Gene Enrichment Analysis
- GO (Gene Ontology) analysis showed upregulation of DNA damage response genes in Park7/DJ-1 KO mouse microglia after LPS treatment, reflecting involvement of repair and tolerance mechanisms.
- In human iPSC-derived microglia, reduced expression of immune response and interferon signaling-related genes was observed after LPS treatment.
Cell Morphology Analysis
Baseline Morphology
- Park7/DJ-1 KO mouse microglia were more compact at baseline, showing fewer branches and processes, indicating a more compact morphological structure compared to wild-type.

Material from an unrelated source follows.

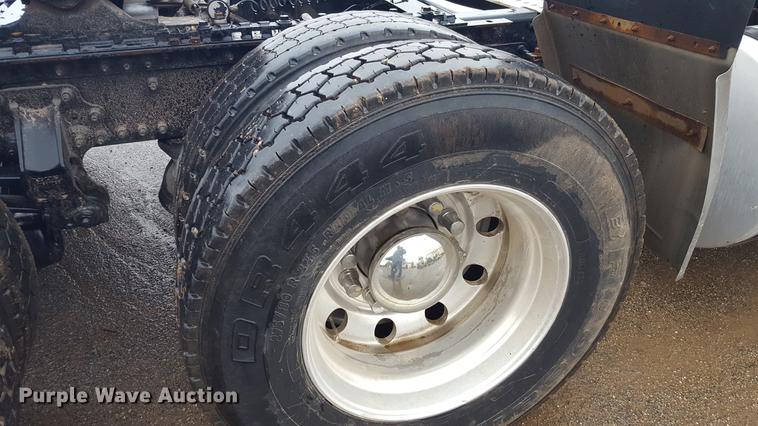 image for item EN9632 2009 Volvo VN semi truck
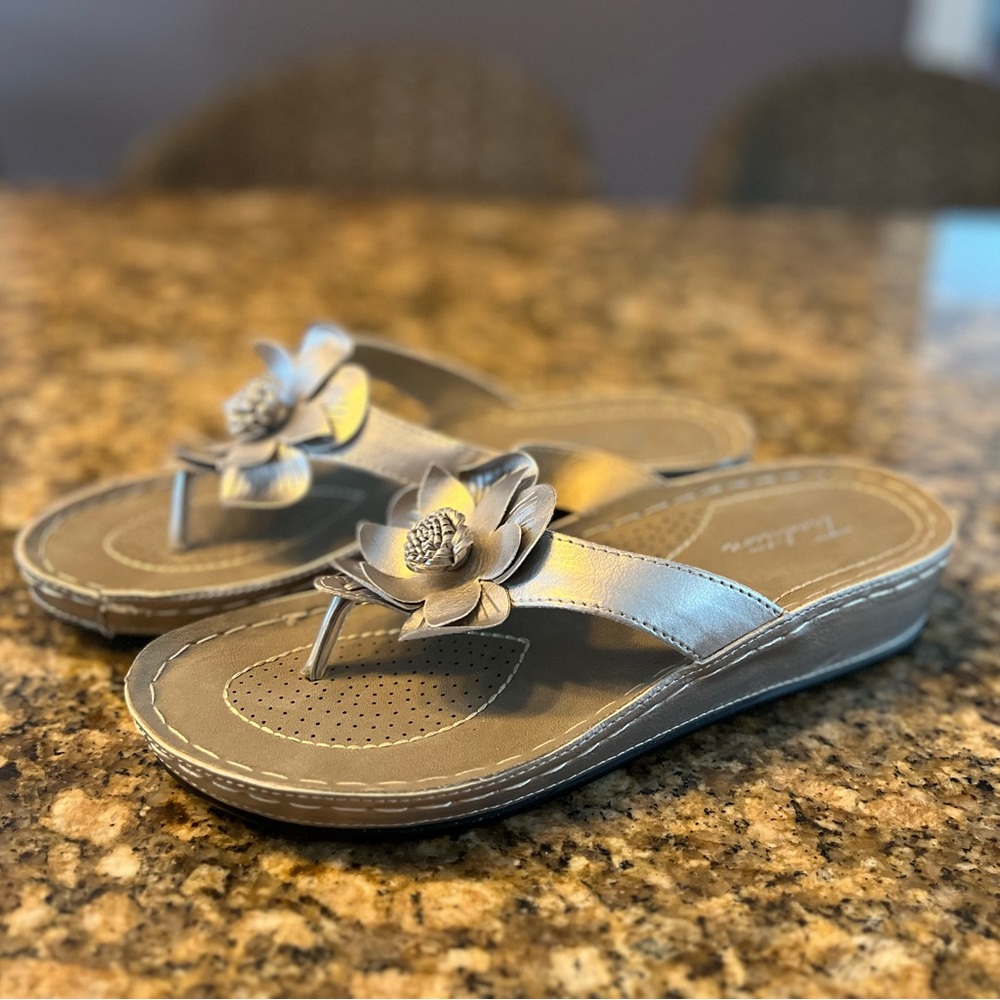 Tradition Sandals - Picture 2 of 7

Morphological Adaptation After LPS Treatment
- After LPS treatment, Park7/DJ-1 KO mouse microglia showed reduced morphological adaptability, displaying fewer amoeboid cell morphologies and maintaining more compact forms compared to wild-type.

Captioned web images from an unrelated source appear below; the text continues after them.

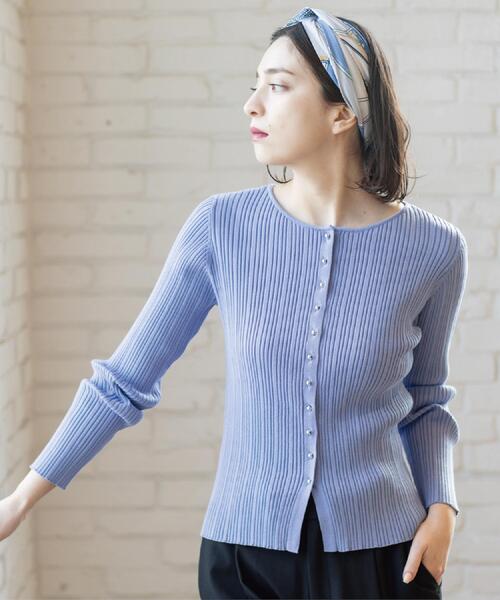 OPAQUE.CLIP（オペークドットクリップ）の「シルバー多ボタン ランダムリブニットカーディガン【洗濯機OK】（カーディガン/ボレロ・レディース・ライトブルー/ブラック/ホワイト・40/38/42）」の3枚目の写真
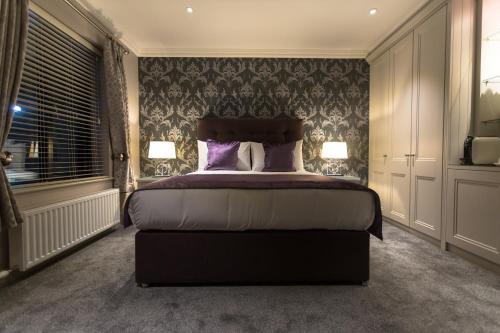 12th Lock Boutique Hotel & Tapas Restaurant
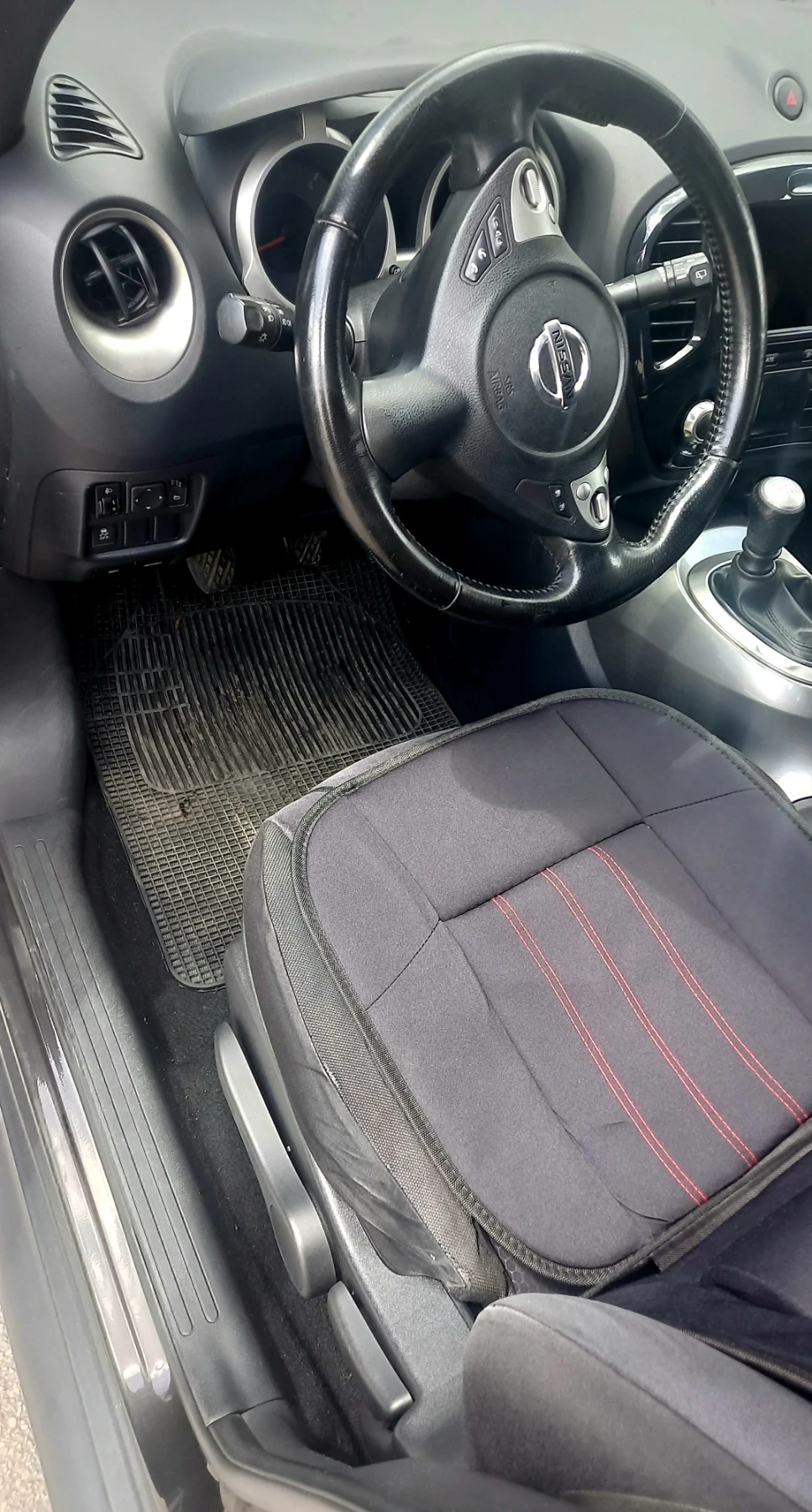 Nissan Juke, снимка 8 - Автомобили и джипове - 54659653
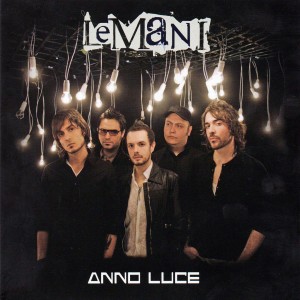 Le_Mani-Anno_Luce-Frontal-300x300.jpg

ROS (Reactive Oxygen Species) Level Analysis
- Assessed ROS levels in Park7/DJ-1 KO mouse microglia and macrophages through in vivo imaging.

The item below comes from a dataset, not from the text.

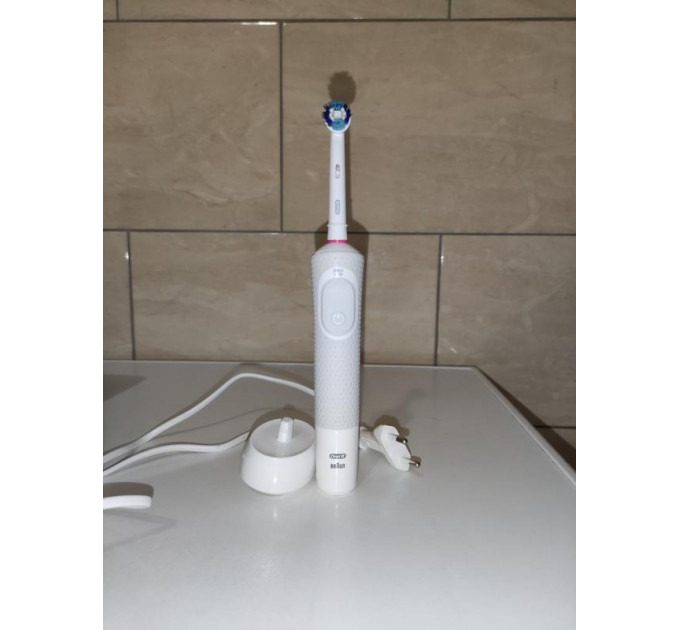 Электрическая зубная щетка Oral B Vitality 100 Cross Action 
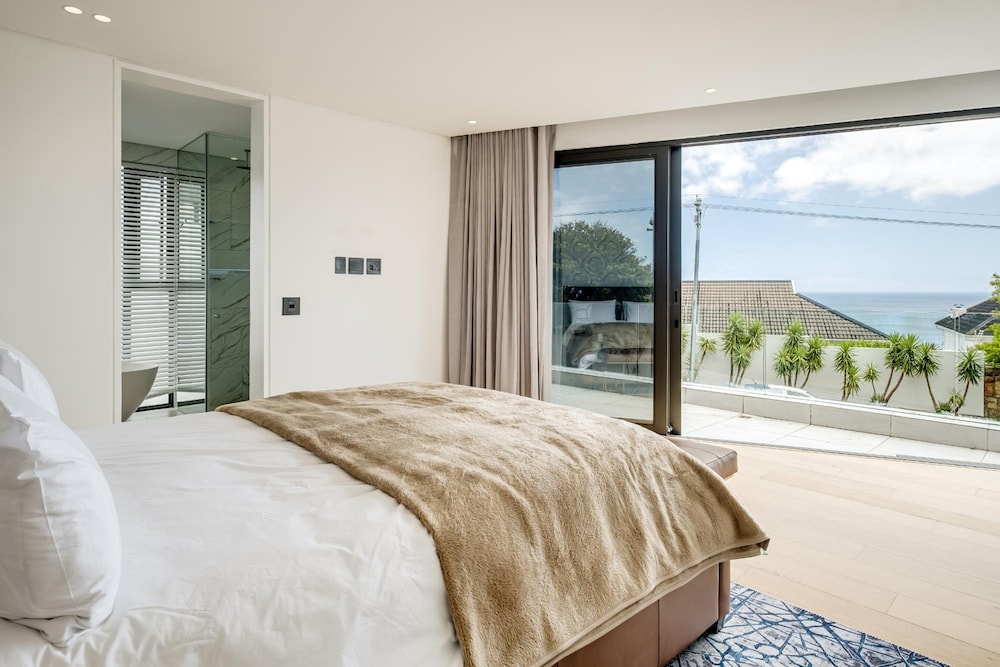 4BR Camps Bay Villa w Pool and Garden Casa Meya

- Results showed increased ROS content in cytoplasm and mitochondria, and decreased mitochondrial membrane potential in Park7/DJ-1 KO cells at baseline and after LPS treatment, reflecting cellular stress response and insufficient compensatory mechanisms.
Research Conclusions
This study demonstrates that Park7/DJ-1 gene deficiency significantly affects the response capacity of microglia under inflammatory conditions. Specifically: - Gene Expression Downregulation: Particularly reduced expression of genes related to type II interferon signaling pathways. - Reduced Morphological Adaptation: Under LPS-induced systemic inflammation, microglia with long-term Park7/DJ-1 KO showed fewer amoeboid morphologies, maintaining compact structures. - Increased ROS Levels: Park7/DJ-1 deficient cells showed elevated ROS levels at baseline and after LPS treatment, reflecting oxidative stress and impaired repair mechanisms.
Significance and Value of the Research
The findings of this study have important implications for understanding PD pathology and developing potential therapeutic strategies. By revealing the effects of Park7/DJ-1 deficiency on microglial response and morphological adaptation, it contributes to further understanding the pathogenesis of PD, especially its role in neuroinflammation. This provides new ideas for developing targeted therapies, such as enhancing antioxidant defenses or regulating inflammatory responses in microglia to delay or prevent PD progression. Additionally, the successful application of iPSC technology will aid future research in further exploring PD pathology and treatment in human cell models.
Through detailed multi-level analysis, this study reveals the key role of Park7/DJ-1 in regulating microglial function and morphology, while providing new potential directions for early diagnosis and intervention in PD.